NCBA Convention: Feeding Losses, Industry Contraction Hitting US Beef
US - Deep financial losses for cattle feedlots last year and a decline in packer capacity are changing the U.S. beef industry, writes Roy Leidahl for TheCattleSite.The country's cow-calf beef segment, which has already been declining, produced the smallest calf crop since 1951, said Mike Murphy, an economist with Cattle-Fax, at the 2009 Cattle Industry Annual Convention & NCBA Trade Show. However, U.S. feedlot capacity has held at about 33 million head since a long-term upward trend ended in 2004. Although feedlots have maintained their capacity, annual U.S. fed cattle slaughter has declined from about 30 million head in 2000 to fewer than 28,000 head last year.

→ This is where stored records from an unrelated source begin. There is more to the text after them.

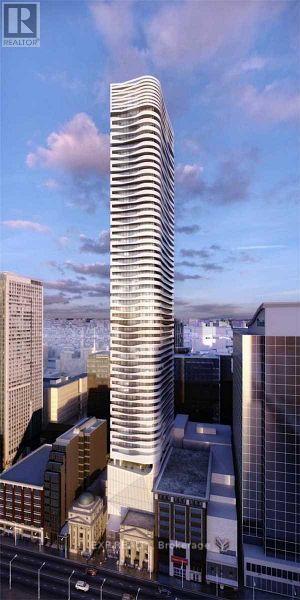 A tall, modern building with a curved design stands in the middle of a cityscape.
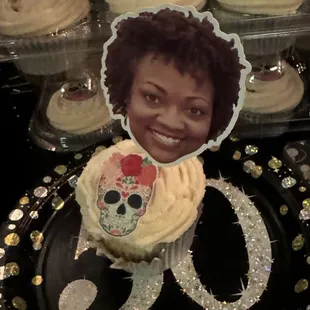 Almond cupcake with vanilla buttercream, and strawberry filling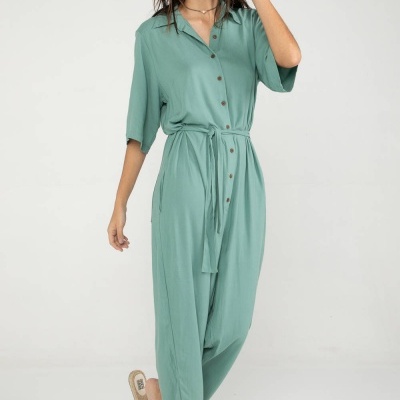 Macacão verde-água feminino com botões e cinto, usado com sandálias rasteiras.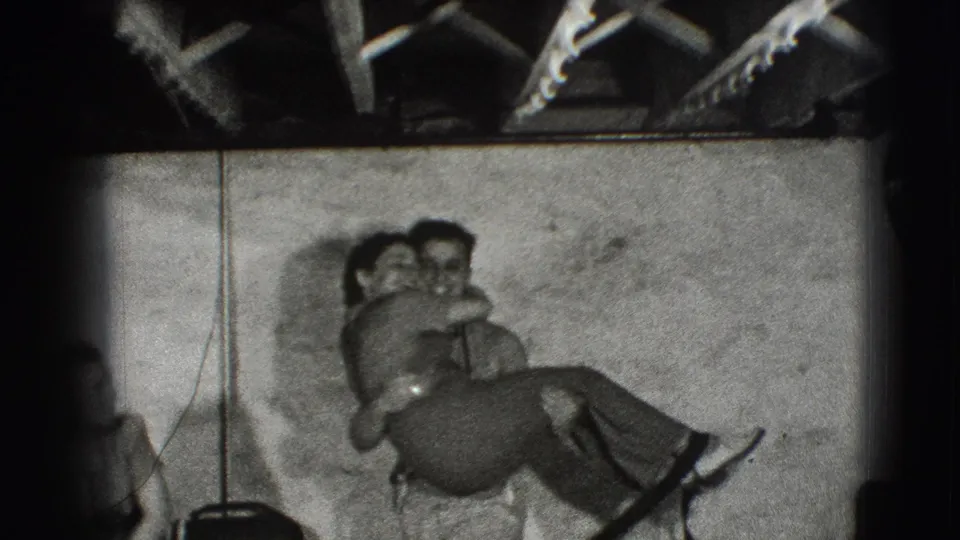 In listed 1941 Joliet home-movie footage, a young couple holds each other closely inside a plain room with exposed beams overhead.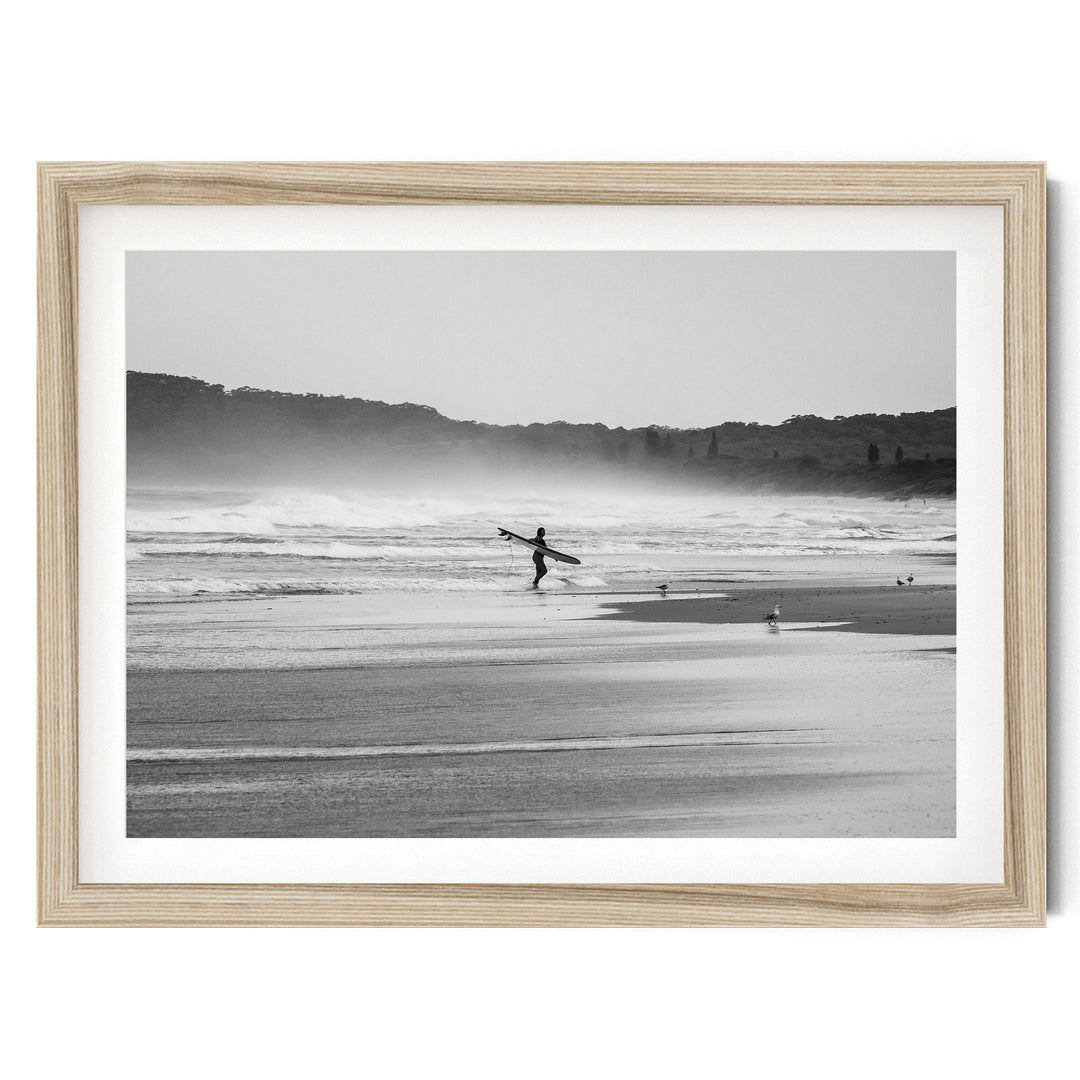 Lone Female Surfer, Byron Bay, Australia – B&W – fine art print in a natural frame with white mat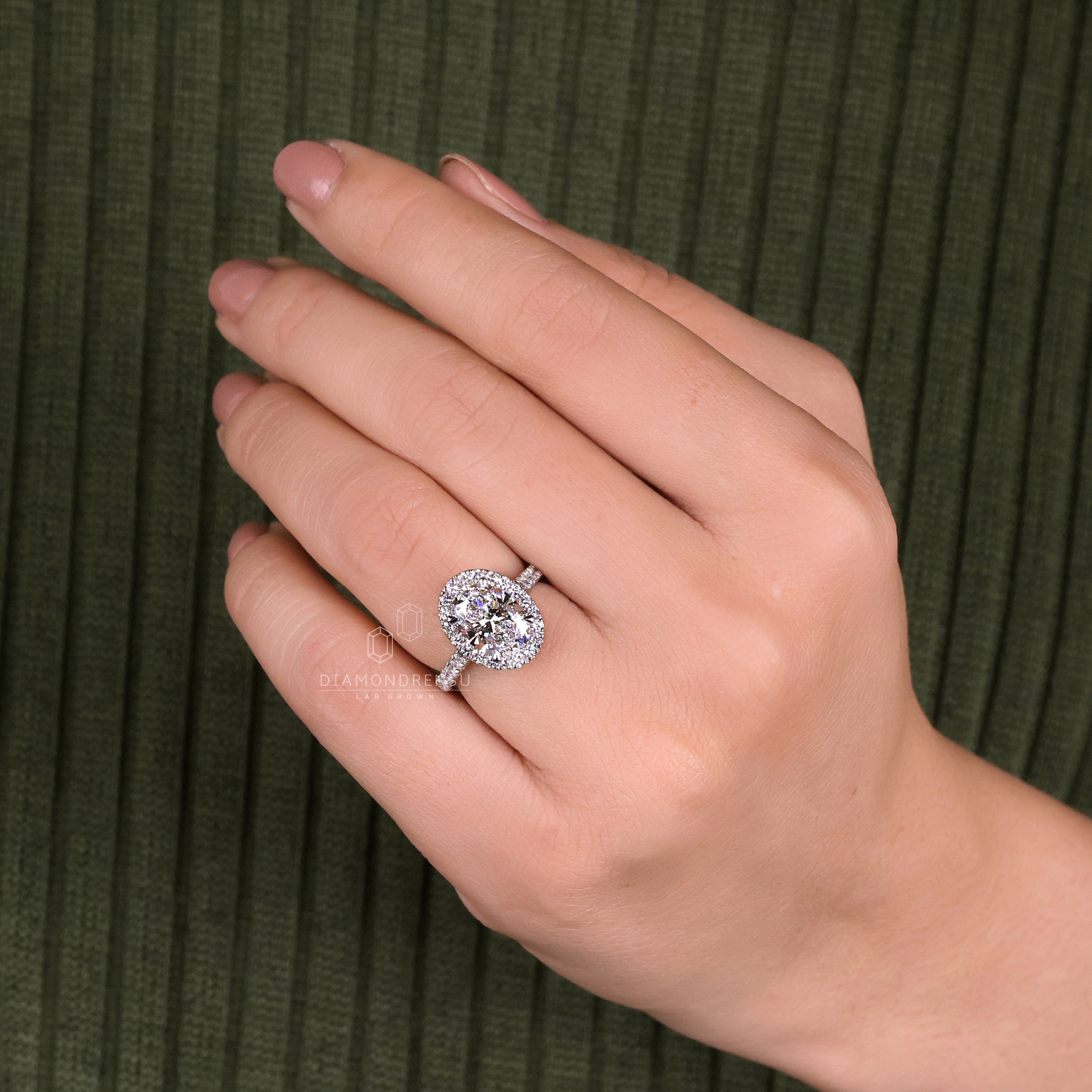 Oval halo ring featuring a cathedral setting for added elegance.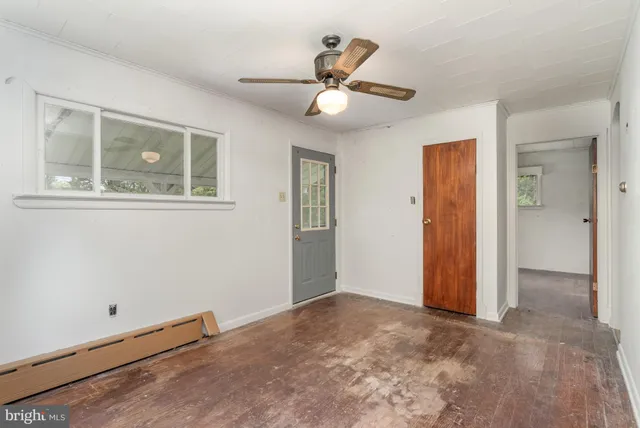 an empty room with a ceiling fan and a window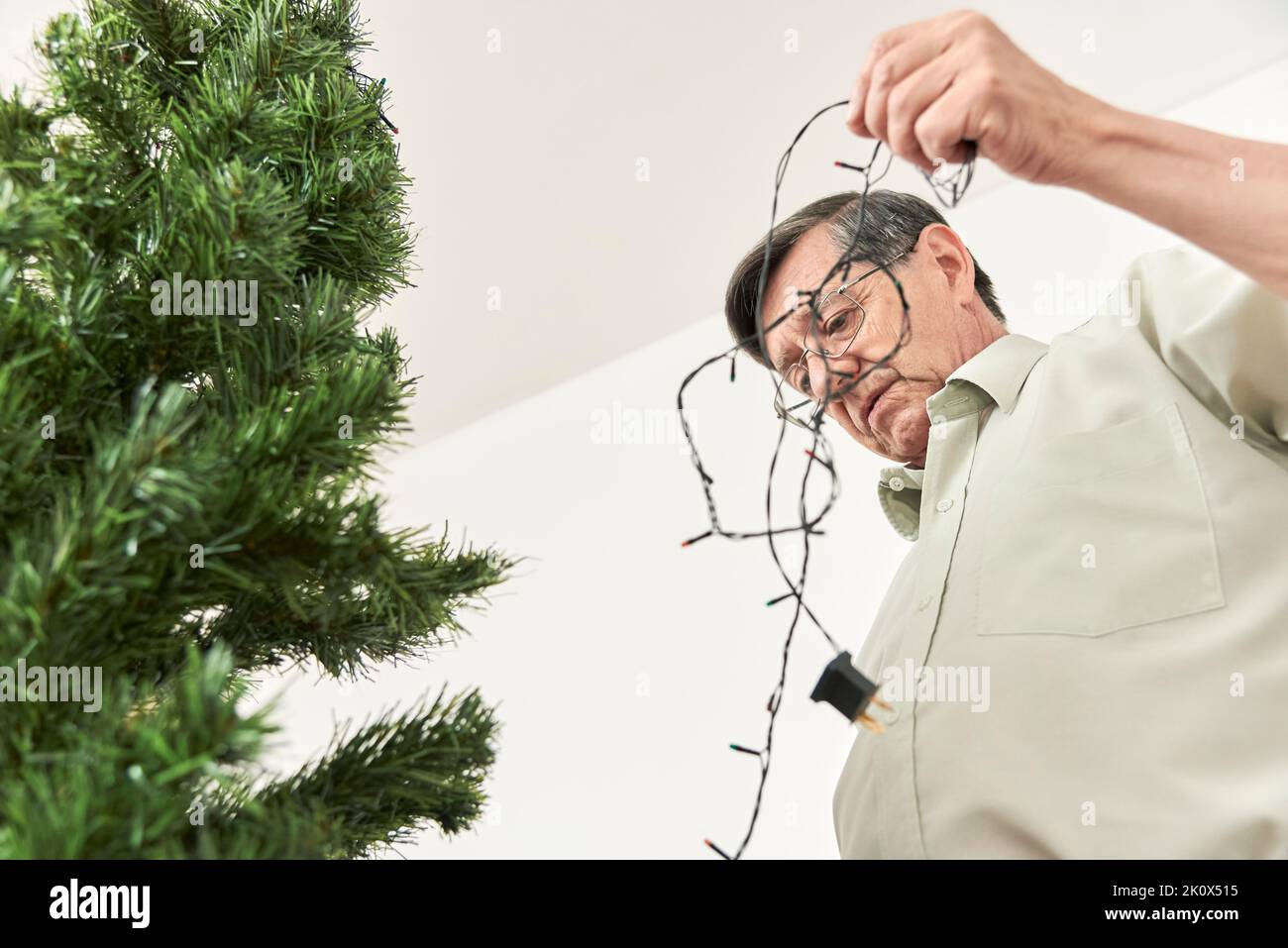 Concern about the use of electrical energy during the holidays. Hispanic senior man stretching a string of lights to put on a Christmas tree in his ho Stock Photo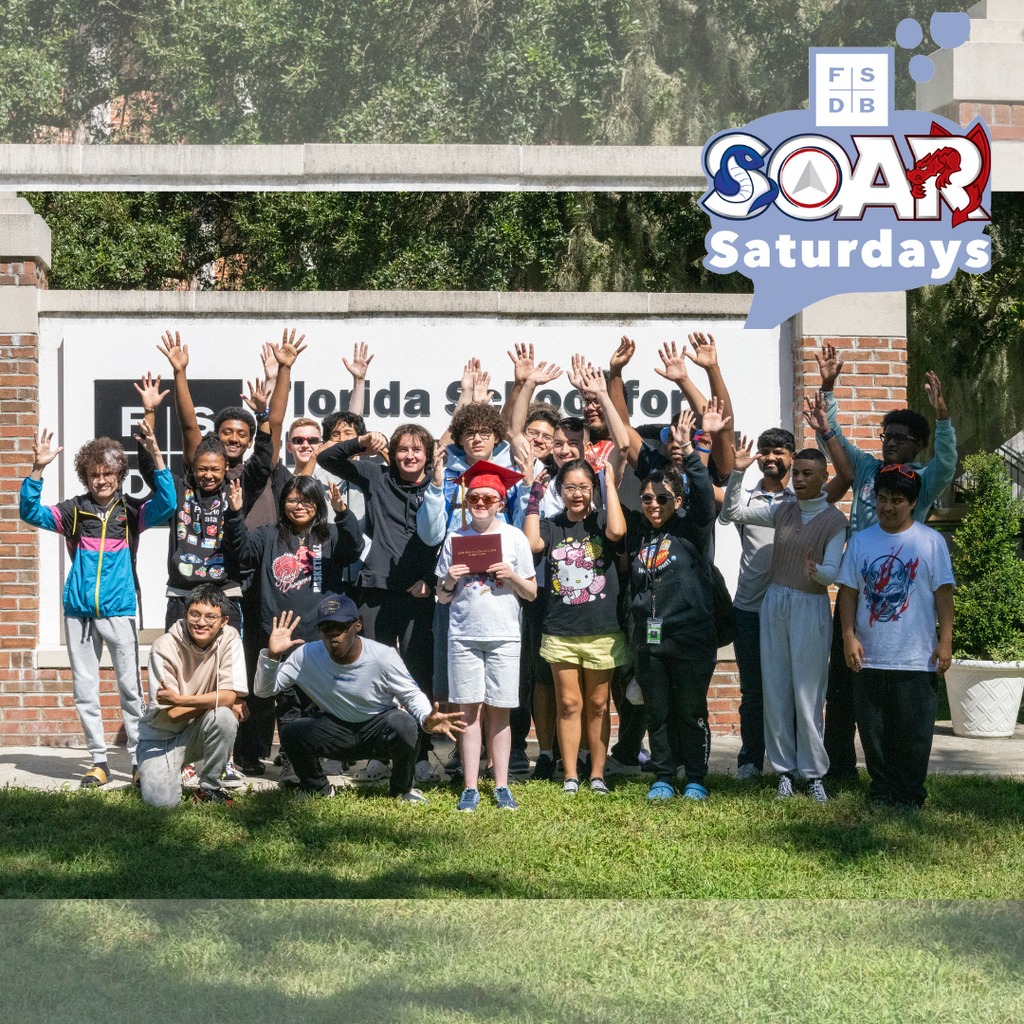 Group photo of Cassidy and her SOAR group wave their hands in the air in front of the FSDB sign.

“The feedlot losses of 2008 represent a risk for the beef industry,” Murphy told a 2009 Cattle Industry Annual Convention meeting that focused on the business of stockers, who buy calves from cow-calf operators for later sale to feedlots. When feedlots contract, “it will influence you as sellers of feeder cattle,” said Murphy.
Another challenge developed in recent years in the packing industry. Cattle-Fax estimates that packers made profits in all but one year from 1980 to 2004. Those profits ranged from a few dollars to more than $30 per head. However, packer profits tumbled to thin or negative from 2004 through 2007, before rebounding to more than $20 estimated for 2008.
Troy Applehans, another Cattle-Fax analyst, noted that during the past decade feedlot profits averaged near zero while packer profits averaged about $10 per had. However, in the same years, cow-calf operators made average profits of more than $90 per head while stockers earned about $45 pear head.
“Cow-calf and stocker operators will have to give some margin to the other two in the next several years,” said Applehans.